Spicy Glass Noodles with Minced Meat (Ants Climbing a Tree)
Spicy glass noodles with pork is more traditionally known as “ants climbing a tree” (ma yi shang shu – 蚂蚁上树); this spicy Sichuan noodle dish is so aptly named because the minced pork cling to the mung bean vermicelli, resembling ants climbing on a tree, though I love making this with ground turkey for a healthier option. It’s typically eaten with rice because the spiciness makes it “xia fan” (a rice killer) — so yes, CARBS ON CARBS. A little blanched bok choy also goes great with this.
Ingredients:
- Meat marinade:
- 1/4 lb ground turkey, chicken, or pork
- 1 tsp cornstarch
- 1 tsp Shaoxing wine
- 2 rolls of mung bean vermicelli (also called bean thread noodles)

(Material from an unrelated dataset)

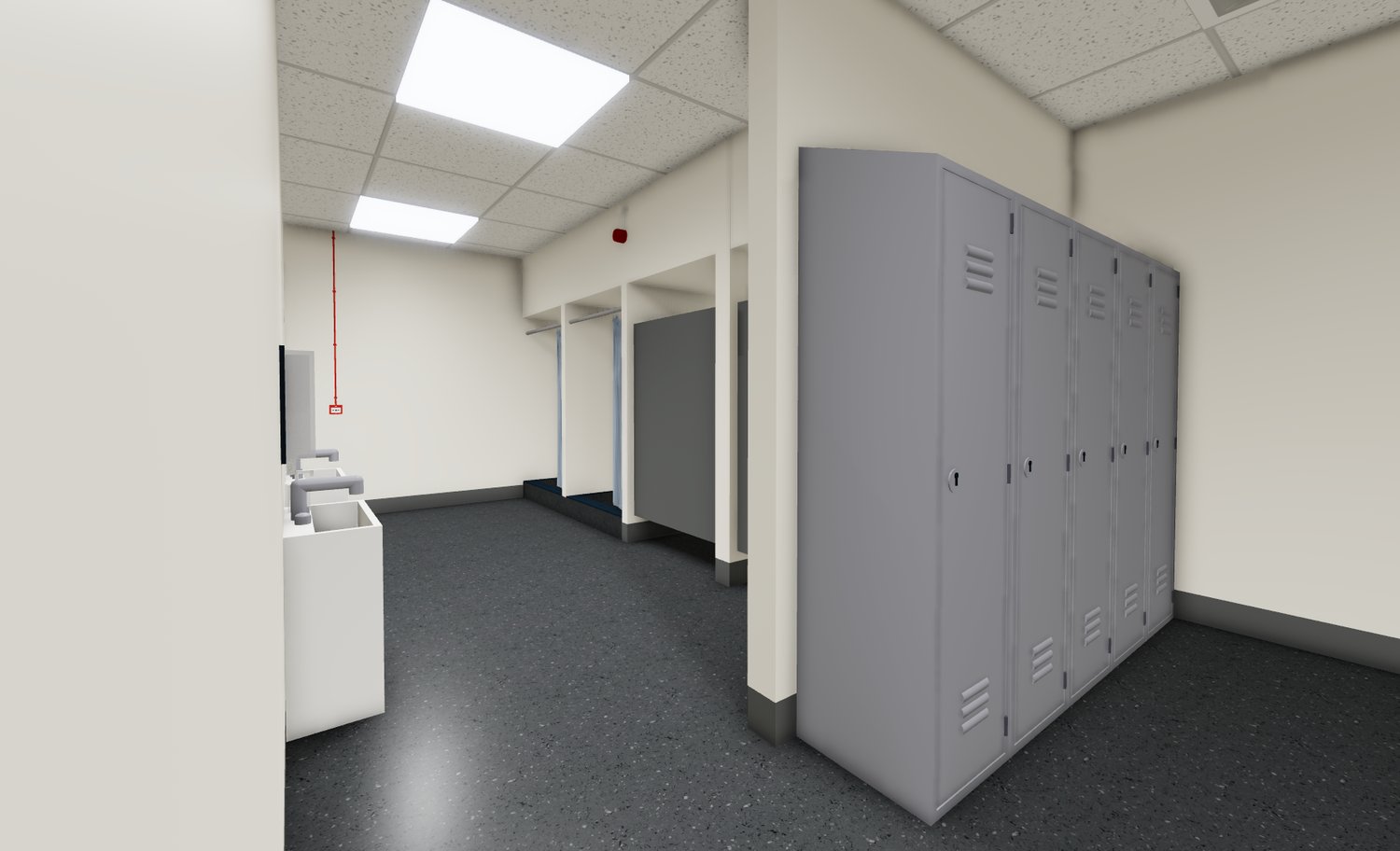 Female Locker Room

- 1 scallion, thinly sliced, separated by whites and greens
- 4 cloves garlic, minced
- 1/4 inch piece grated or minced ginger
- 1 birds eye chili, minced (optional, leave out for less spicy)
- 1 tbsp doubanjiang
- 1 tbsp soy sauce
- 1/2 tbsp dark soy sauce
- 1 tsp sesame oil
- 1/2 tsp brown sugar
- 1 cup water
Directions:
- Marinate ground pork in Shaoxing wine and cornstarch for ~15 minutes
- Soak mung bean noodles in warm water for 10 minutes
- Heat up oil over medium heat and sauté garlic, ginger, scallion whites, and bird’s eye chili for 30 seconds
- Add in minced meat, once ~50% brown, add doubanjiang, soy sauce, sugar, and sesame oil and sauté for another 1-2 minutes, breaking up the meat into small grounds with the back of your spoon
- Add 1 cup of water and bring to a simmer
- Add noodles and cover with lid and cook until sauces are absorbed by noodles ~3-4 minutes. Remove lid and mix.